-- PROVIDED DATA follows --

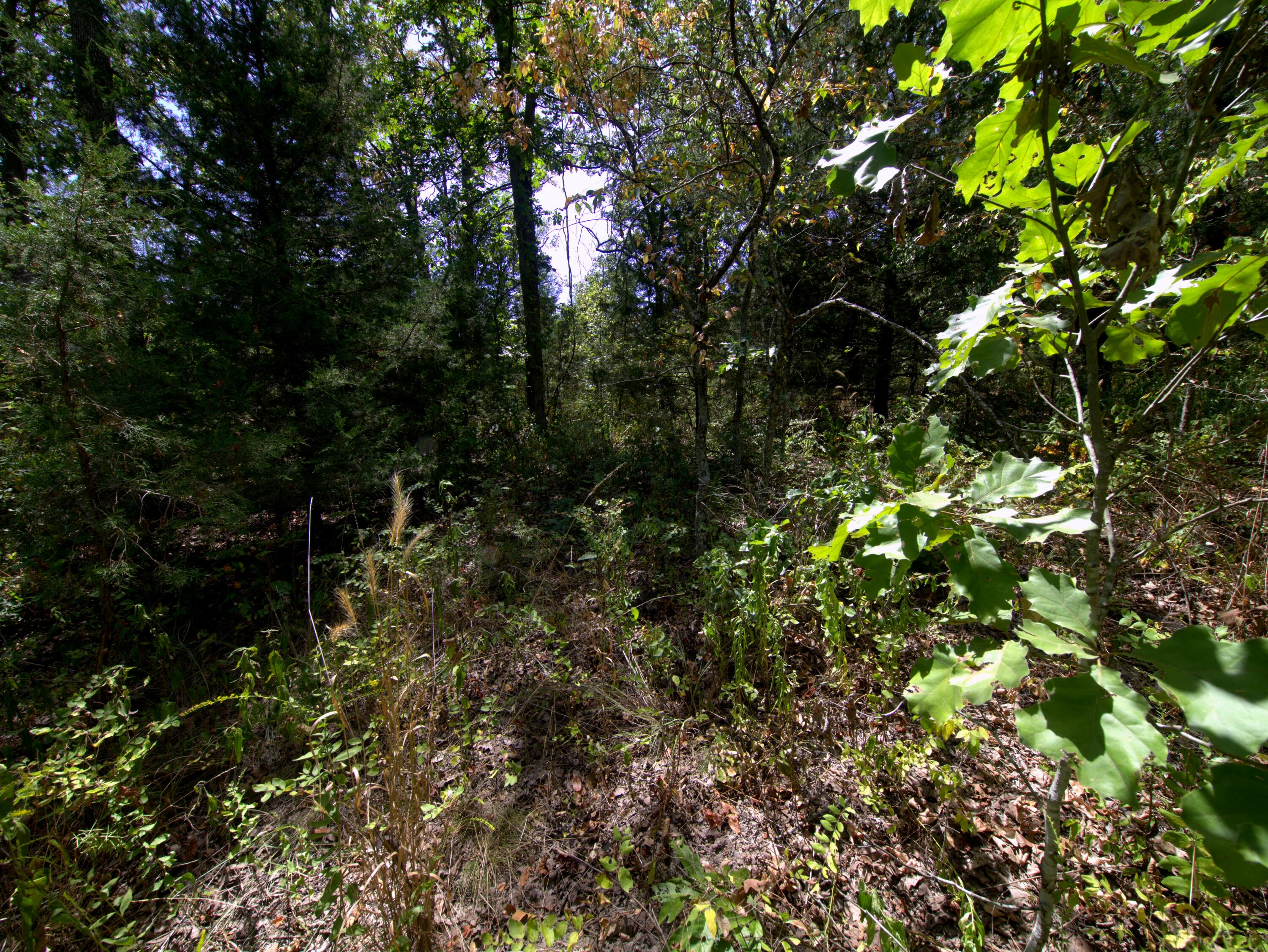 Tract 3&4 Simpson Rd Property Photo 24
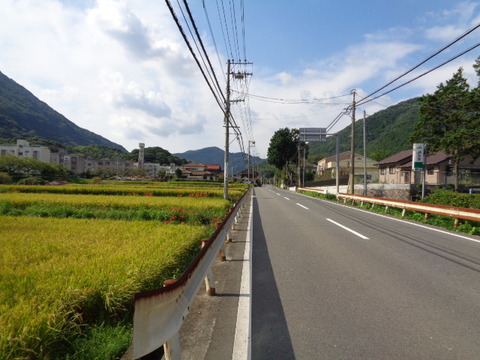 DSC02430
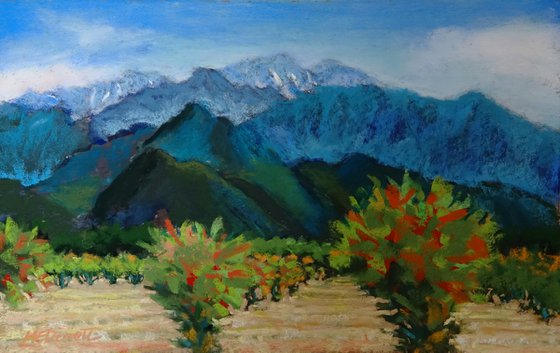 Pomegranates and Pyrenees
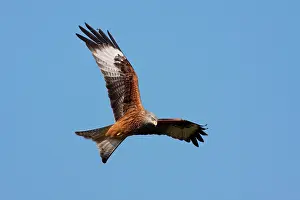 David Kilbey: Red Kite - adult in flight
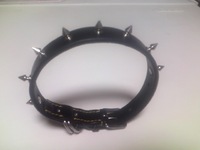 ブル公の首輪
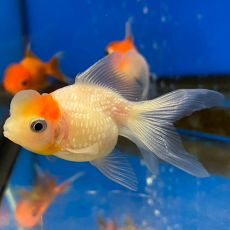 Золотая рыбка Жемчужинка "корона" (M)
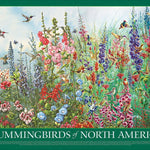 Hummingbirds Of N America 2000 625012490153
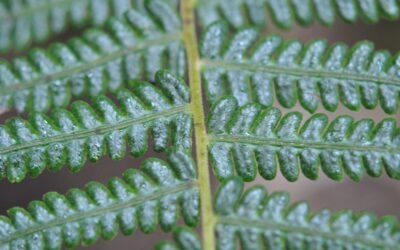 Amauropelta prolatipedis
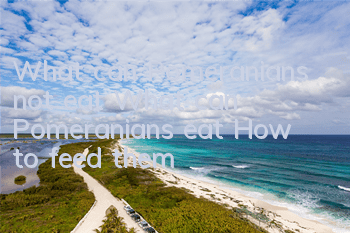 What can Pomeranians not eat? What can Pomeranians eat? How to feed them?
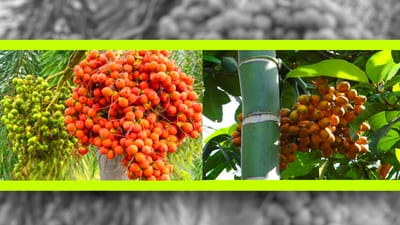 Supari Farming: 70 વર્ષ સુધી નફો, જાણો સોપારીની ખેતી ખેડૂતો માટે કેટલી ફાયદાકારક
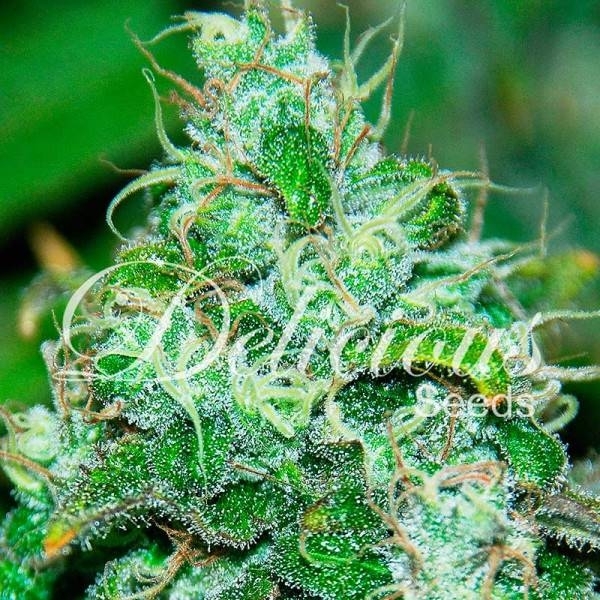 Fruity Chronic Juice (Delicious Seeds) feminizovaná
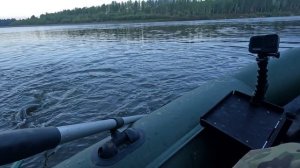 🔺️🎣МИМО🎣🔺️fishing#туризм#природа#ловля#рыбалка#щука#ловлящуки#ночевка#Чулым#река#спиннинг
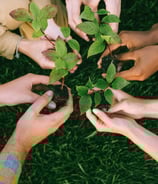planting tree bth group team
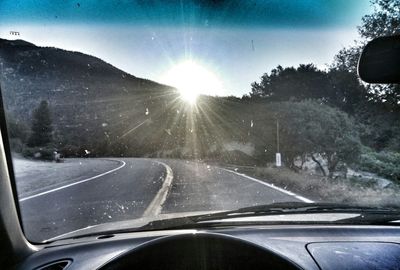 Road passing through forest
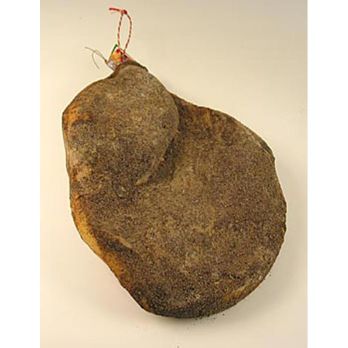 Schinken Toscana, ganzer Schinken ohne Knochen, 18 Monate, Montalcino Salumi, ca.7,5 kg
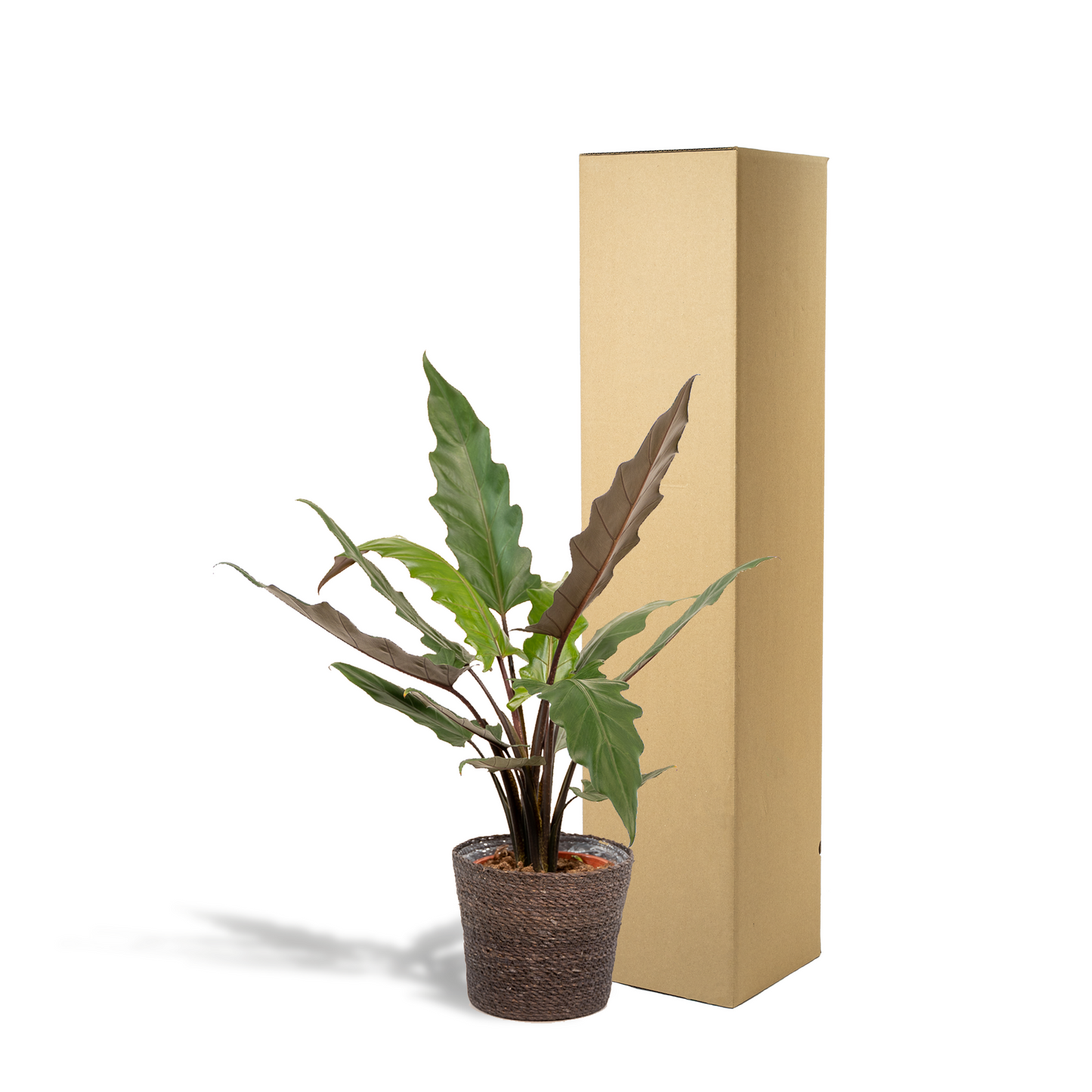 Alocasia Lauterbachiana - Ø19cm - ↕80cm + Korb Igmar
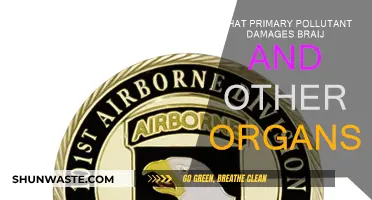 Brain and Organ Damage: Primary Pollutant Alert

-- PROVIDED DATA concluded --

=== TASK DETAILS ===
Which lines fall between the one containing "Золотая рыбка Жемчужинка" and the last line of the listing, both included? Give them again exactly, without the pictures.

=== SOLUTION TO THIS TASK ===
 Золотая рыбка Жемчужинка "корона" (M)
 Hummingbirds Of N America 2000 625012490153
 Amauropelta prolatipedis
 What can Pomeranians not eat? What can Pomeranians eat? How to feed them?
 Supari Farming: 70 વર્ષ સુધી નફો, જાણો સોપારીની ખેતી ખેડૂતો માટે કેટલી ફાયદાકારક
 Fruity Chronic Juice (Delicious Seeds) feminizovaná
 🔺️🎣МИМО🎣🔺️fishing#туризм#природа#ловля#рыбалка#щука#ловлящуки#ночевка#Чулым#река#спиннинг
planting tree bth group team
 Road passing through forest
 Schinken Toscana, ganzer Schinken ohne Knochen, 18 Monate, Montalcino Salumi, ca.7,5 kg
 Alocasia Lauterbachiana - Ø19cm - ↕80cm + Korb Igmar
 Brain and Organ Damage: Primary Pollutant Alert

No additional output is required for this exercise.